Baracke 13 ist eine von elf erhaltenen Unterkunftsgebäuden des ehemaligen Zwangsarbeiterlagers, in dem italienische, West- und Osteuropäische Zwangsarbeiter interniert waren. 2.160 Menschen fasste das Lager gesamt. Es war eines von rund 3.000 Sammelunterkünften in Berlin, 1944 lebten in der Stadt 400.000 Zwangsarbeiter.

Nach dem Zweiten Weltkrieg nutzte die Rote Armee das Gebäude als Materiallager, die Spitze eines gemalten Sowjetsterns an der Decke zeugt davon. Zu DDR-Zeiten wurden hier Kühlschränke hergestellt, später Metall verarbeitet. In den vergangenen Jahren gehörte das Gebäude einem Antiquitätenhändler,der es zumüllte.

Die ehemaligen Besitzer entfernten Wände, bauten neue Fenster ein und Türen mit Rollgeschieben. 2008 kaufte das Land Berlin die Baracke und baute die Veränderungen zurück. Neue Trennwände sind dort eingesetzt, wo die alten waren. Sie dienen als Ausstellungsfläche, für Projektionen, Beschriftung oder Bemalung. In einem der Räume ist ein Waschbrunnen zu sehen. Auf weiteres Inventar wird verzichtet: In dem Raum, in dem Jozef Przedpelski von seiner Verschleppung berichtet, standen acht Stockbetten, 16 Menschen wohnten in dem Zimmer.

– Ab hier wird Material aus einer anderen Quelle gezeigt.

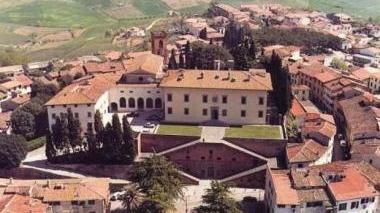 Una veduta aerea del centro storico di Cerreto Guidi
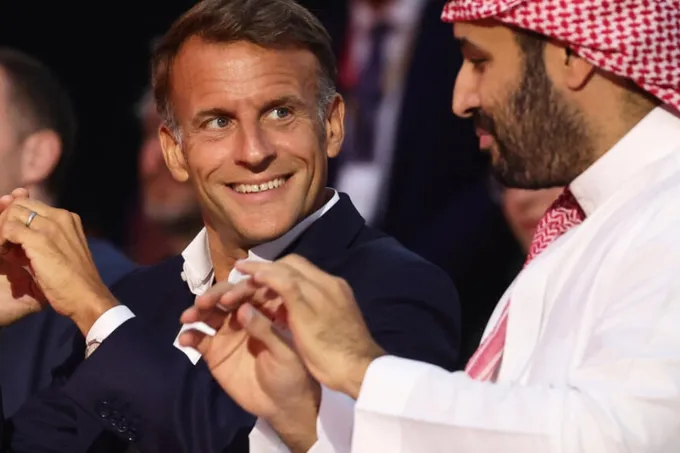 ولي العهد السعودي وماكرون يرأسان أول اجتماع لمجلس الشراكة الاستراتيجية في باريس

Die Baracke selbst soll das zentrale Exponat sein. Deshalb sei sie nur sparsam musealisiert worden, erklärt die Projektleiterin Daniela Geppert bei einem Rundgang durch das Gebäude. Jeder Raum hat ein Motto: "Verzweiflung", "Lebensradius" oder "Deutsches Lagerpersonal". Passend dazu zeigen die Kuratoren Zitat-Tafeln von Zeitzeugen, die in unterschiedlichen Berliner Lagern interniert waren und aus ihren Erinnerungen berichten. Zeitzeugen, die im Lager Schöneweide gelebt haben, sagt Geppert, seien nicht mehr aufzufinden. Auch Jozef Przedpelski war in einem anderen Berliner Lager kaserniert.

Ein besonderes Exponat ist der Luftschutzkeller der Baracke. Es ist eng hier unten, der Keller ist in kleine Zellen unterteilt. An den Wänden sind Kritzeleien zu lesen, die ehemals Inhaftierte vor mehr als 60 Jahren hinterlassen haben. "No si fumare" steht da - "nicht rauchen". Einer hat das Alphabet an eine Wand geschrieben. Andere ihre Namen, Daten - ein Art Tagebuch der Luftangriffe. Und dann steht da noch: "Pasato" - "vorbei".